§ **Listed records**
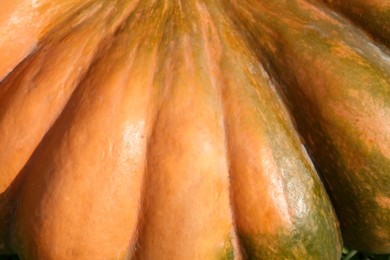 Ripe pumpkin as background, closeup. Autumn harvest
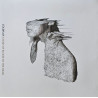 LP COLDPLAY: A RUSH OF BLOOD TO THE HEAD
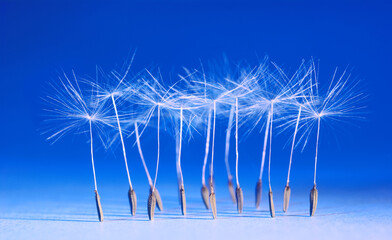 Obraz premium Macro of Dandelion Seeds resembling ballet dancers on the stage (Swan Lake), copy space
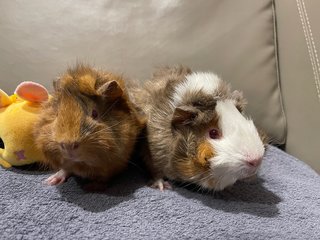 Red Eye N Daughter - Guinea Pig - Guinea Pig Small & Furry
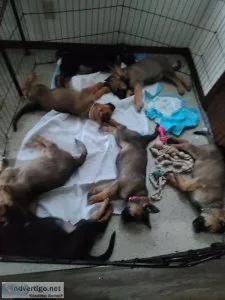 German Shepherd Puppies available now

§ **What to work on**
Everything in the data above should be set down again exactly, except the pictures.

§ **Exercise response**
 Ripe pumpkin as background, closeup. Autumn harvest
 LP COLDPLAY: A RUSH OF BLOOD TO THE HEAD
 Obraz premium Macro of Dandelion Seeds resembling ballet dancers on the stage (Swan Lake), copy space
 Red Eye N Daughter - Guinea Pig - Guinea Pig Small & Furry
 German Shepherd Puppies available now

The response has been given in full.